### WHAT THIS TASK INVOLVES
The result is the exact lines from the one containing "this 450×320 image." through the final line of the entries; leave out the pictures.

Stored data entries
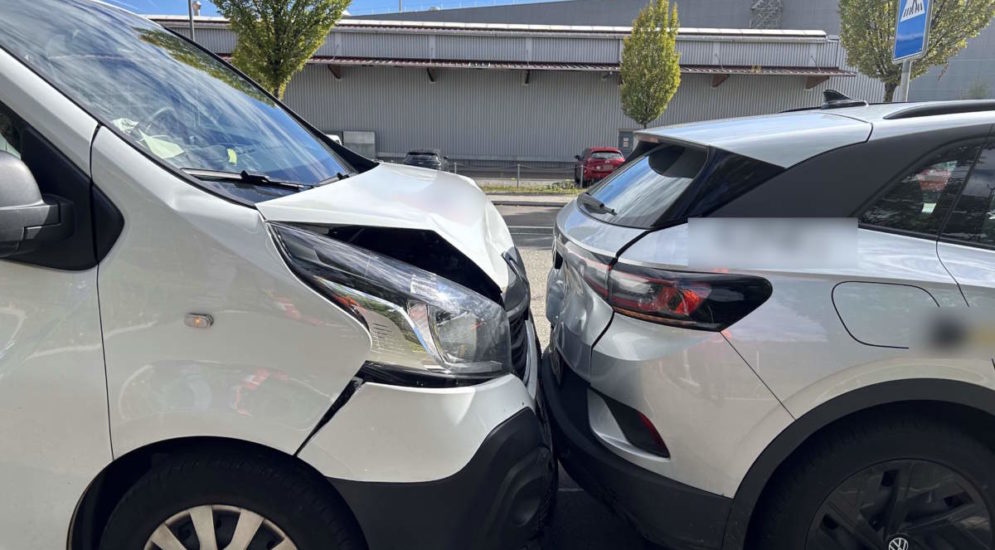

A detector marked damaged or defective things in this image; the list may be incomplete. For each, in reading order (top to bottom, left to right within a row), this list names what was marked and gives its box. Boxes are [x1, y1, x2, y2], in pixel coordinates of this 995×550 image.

crumpled hood [256, 163, 512, 292]
damaged van hood [253, 163, 516, 292]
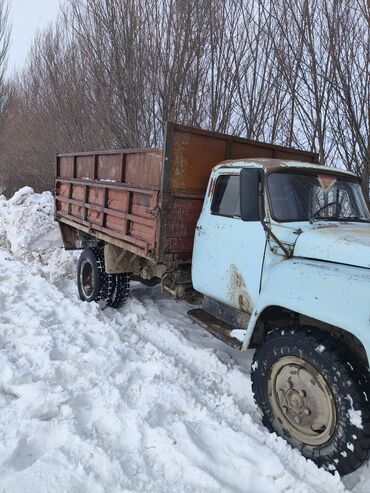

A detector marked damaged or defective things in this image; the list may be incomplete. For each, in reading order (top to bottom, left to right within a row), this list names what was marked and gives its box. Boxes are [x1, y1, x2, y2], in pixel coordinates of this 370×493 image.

rusty cargo bed [55, 123, 318, 270]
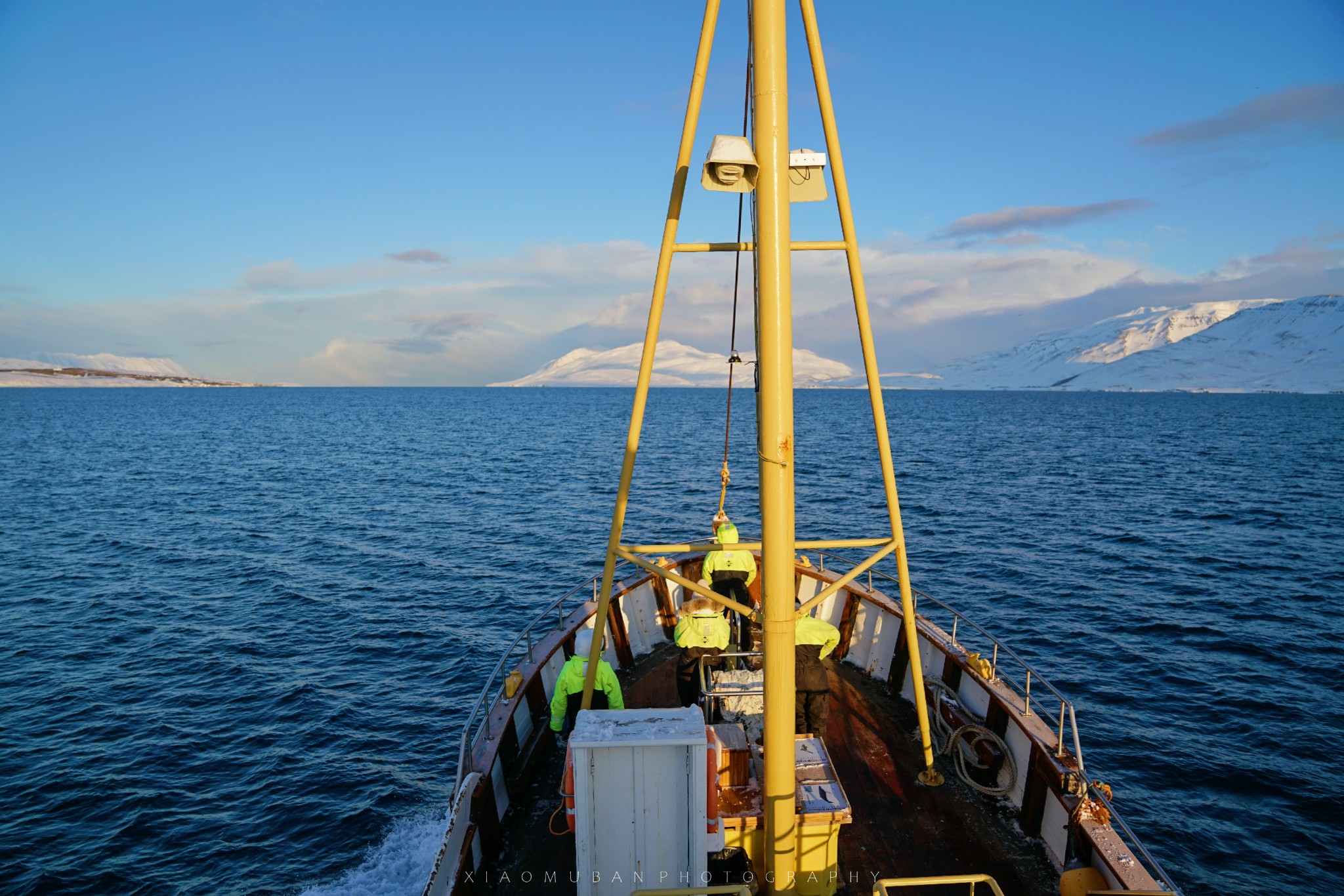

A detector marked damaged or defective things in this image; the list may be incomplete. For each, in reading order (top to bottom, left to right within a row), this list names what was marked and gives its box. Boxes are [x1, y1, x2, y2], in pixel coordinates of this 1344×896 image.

rusty deck [472, 648, 1060, 892]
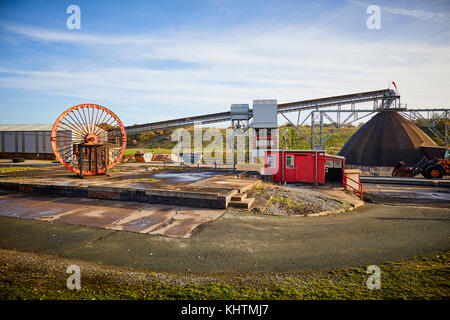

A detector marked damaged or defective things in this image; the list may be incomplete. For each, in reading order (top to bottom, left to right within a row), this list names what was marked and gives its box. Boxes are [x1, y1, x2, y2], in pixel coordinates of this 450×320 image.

rusty metal structure [50, 104, 125, 176]
cracked concrete slab [0, 192, 224, 238]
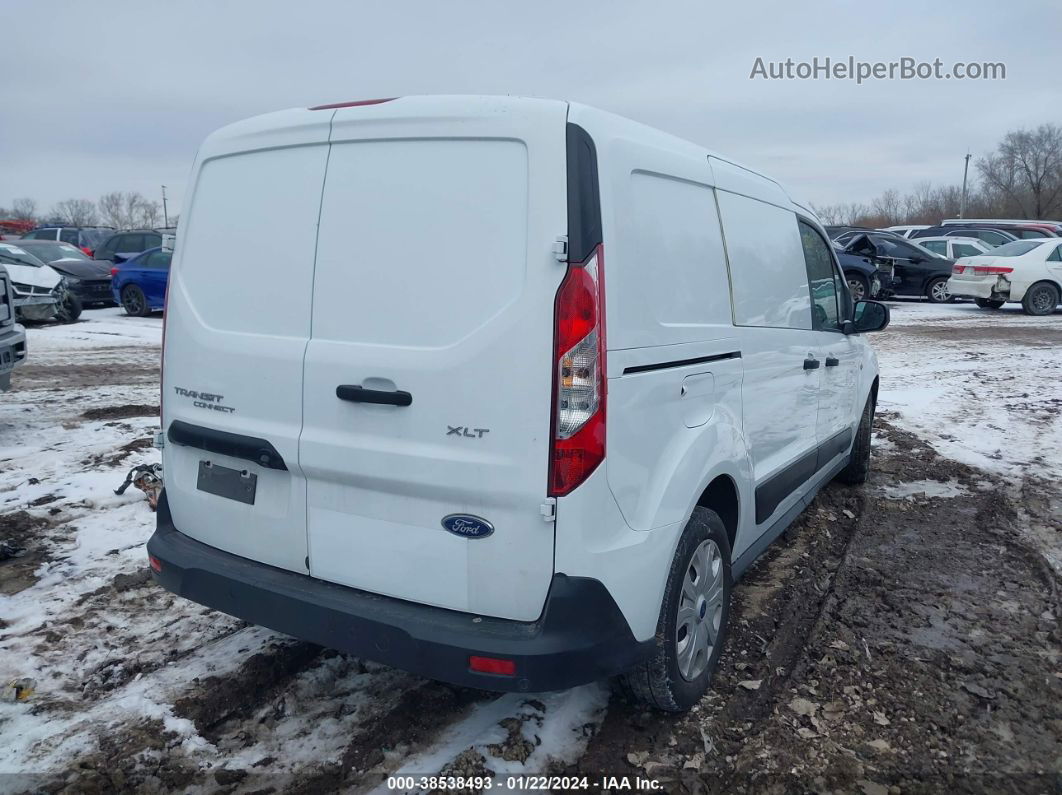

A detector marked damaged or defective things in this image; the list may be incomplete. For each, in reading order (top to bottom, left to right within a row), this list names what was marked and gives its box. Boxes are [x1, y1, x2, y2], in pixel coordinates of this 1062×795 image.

damaged vehicle [0, 264, 27, 392]
damaged vehicle [0, 241, 82, 322]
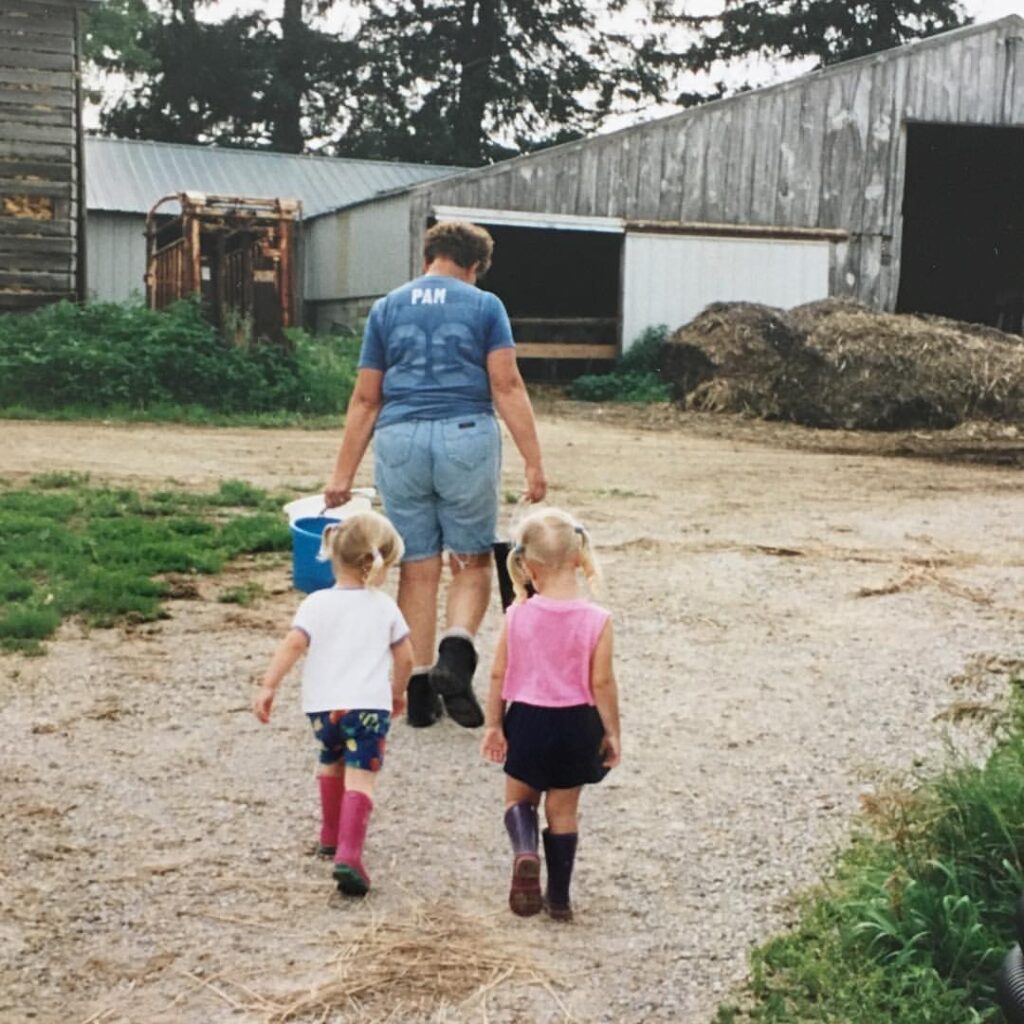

### TASK RESPONSE
A detector marked damaged or defective things in this image; the list may be incomplete. For each, in reading order (top to bottom, left to right within a row), this list names what was marked and gives its box. Boxes are [x1, y1, x2, y2], in pixel coordinates of this 450×320 image.

rusty metal structure [50, 104, 125, 176]
cracked concrete slab [0, 192, 224, 238]

A detector marked damaged or defective things in this image; the list may be incomplete. For each, in reading order (top to bottom, left to right within a row), this list names what was marked and gives its box. Boxes are [x1, y1, x2, y2], in pixel coordinates of this 1062×795 image.

damaged vehicle [0, 264, 27, 392]
damaged vehicle [0, 241, 82, 322]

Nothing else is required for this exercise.